The jury is still out as to how this will affect gaming activity in Macao. It could be just a short-term impediment. Nevertheless, it could suppress use of ATMs by gamblers, which Las Vegas Sands does not need during an already-fragile time for Macao.

Dividend Analysis

Las Vegas Sands aggressively raised its dividend over the past several years. Dividend growth averaged 24% per year, since 2012.

The company also allocated significant resources to buying back stock. All told, Las Vegas Sands returned $16.4 billion to shareholders in combined cash returns since 2012.

LVS Capital

Source: Q1 Earnings Presentation, page 7

The question is, did Las Vegas Sands raise its dividend too much?
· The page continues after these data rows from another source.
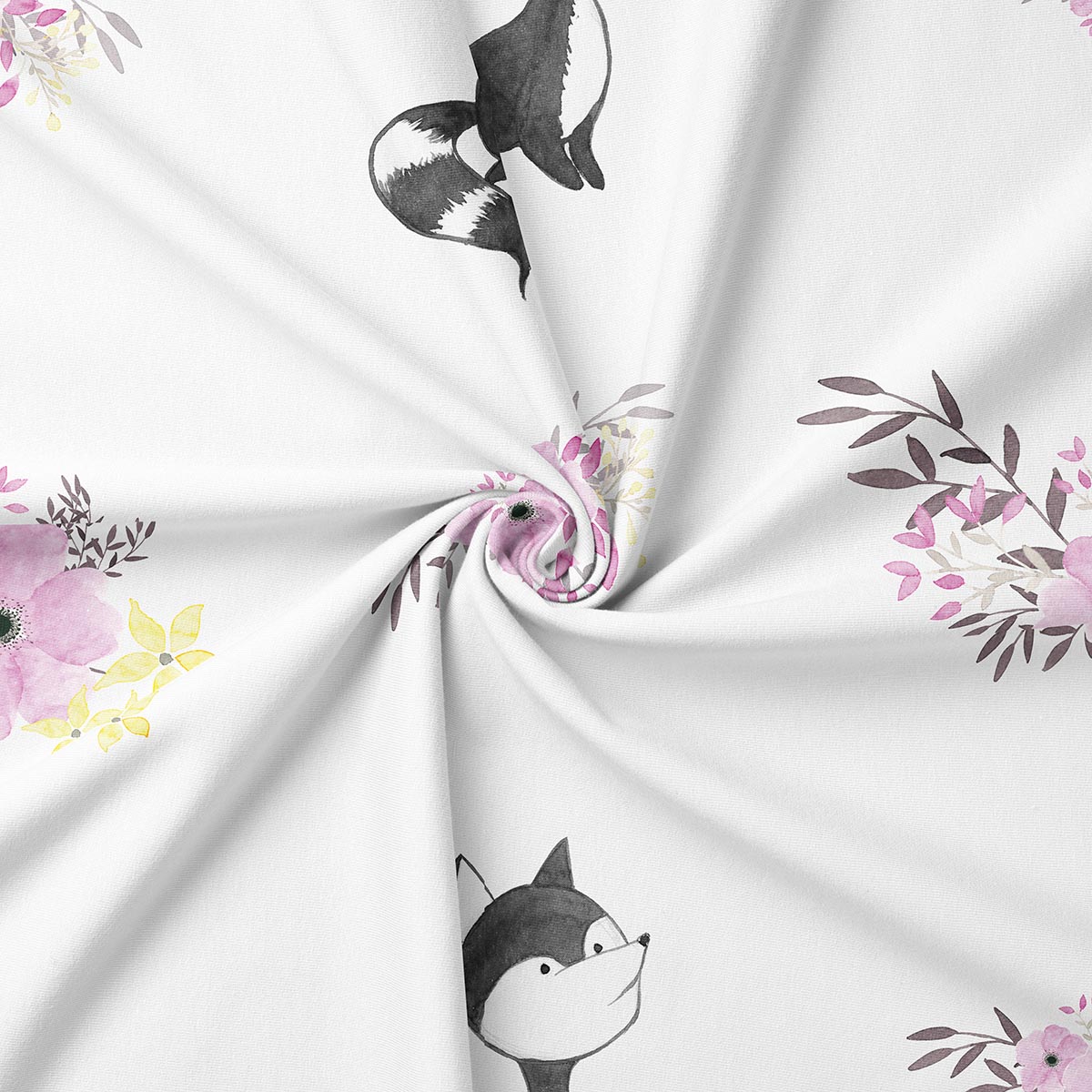 zbliżenie tkaniny pokazujące detal nadruku liska i delikatnych bukietów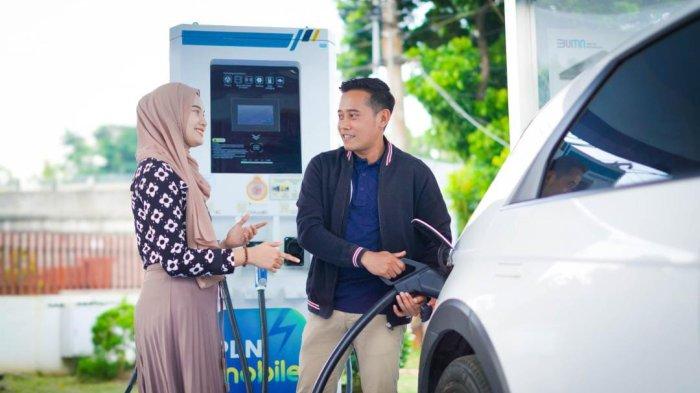Pelanggan sedang melakukan pengisian daya di SPKLU yang berada di Kantor PLN Unit Induk Distribusi Jawa Tengah dan D.I. Yogyakarta.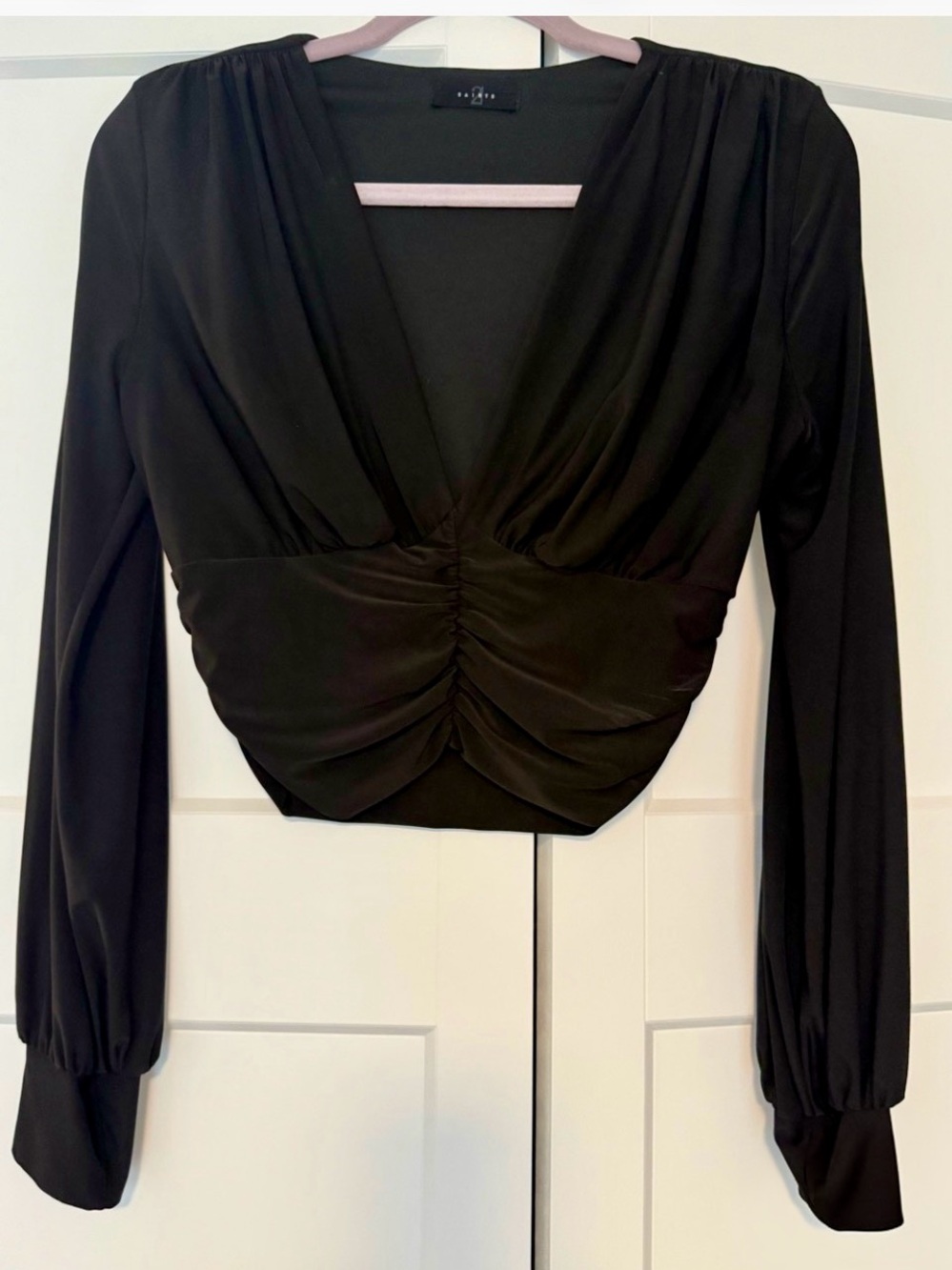 21 Saints- Gathered Black V-Neck Long Sleeve Size Small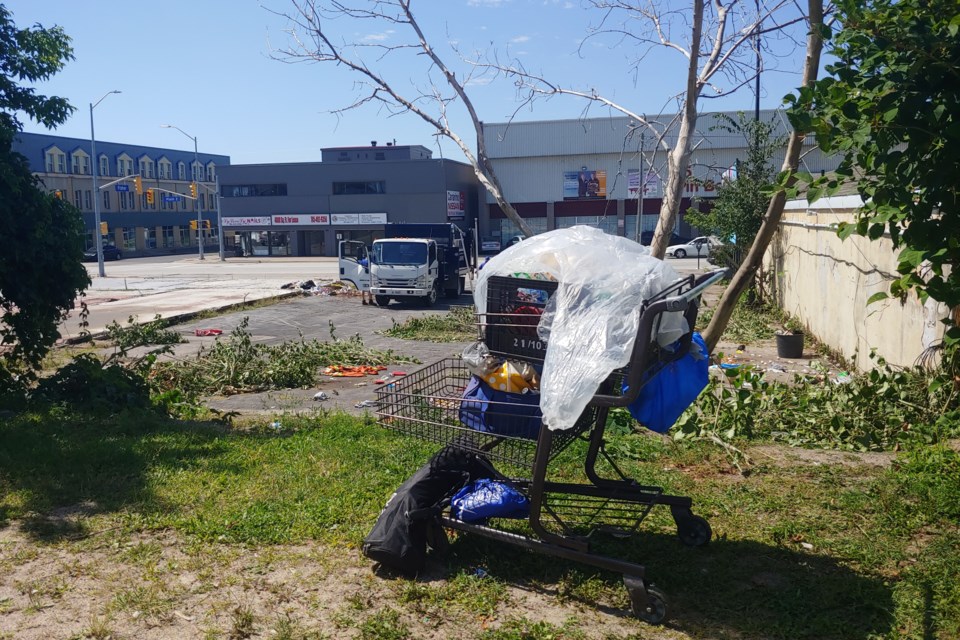 2022 08 10 Shopping Cart Homeless Encampment (Campaigne)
There are two major concerns regarding the sustainability of Las Vegas Sands’ dividend. First, the company is not currently earning enough profit to cover the dividend payout.

2016 was the second year in a row in which earnings-per-share fell below declared dividends. Las Vegas Sands declared dividends of $2.88 per share, but earnings-per-share were just $2.10 per share.

This represented a payout ratio of 137%. A payout ratio exceeding 100% is unsustainable over the long-term.

And, even though Las Vegas Sands’ revenue and earnings recovered significantly in the first quarter, earnings-per-share still did not cover the quarterly dividend rate. Consequently, further recovery is needed before the company’s dividend is sustainable.

The second red flag concerning the dividend is that Las Vegas Sands has a high level of debt. At the end of last quarter, Las Vegas Sands held $9.91 billion of debt, with a cash balance of $1.97 billion.

Over the past two years, Las Vegas Sands’ free cash flow has not covered its dividend. The company has filled the shortfall by issuing debt and using existing cash on hand, but this cannot continue indefinitely.

As a result, if 2017 is another year of falling earnings-per-share, Las Vegas Sands may have a difficult decision to make in 2018 regarding its dividend.

Final Thoughts

Las Vegas Sands’ fortunes rely heavily on Macao. Some progress in Macao has been made in 2017, but just when it appeared to be gaining traction, the new ATM rule dealt another blow to Las Vegas Sands.

If the ATM rule is only a short-term problem, and gaming activity continues to recover, the dividend could survive intact.

However, there is no guarantee of this. As a result, only those investors unafraid to take added risks, should consider wagering on Las Vegas Sands’ 5% dividend yield.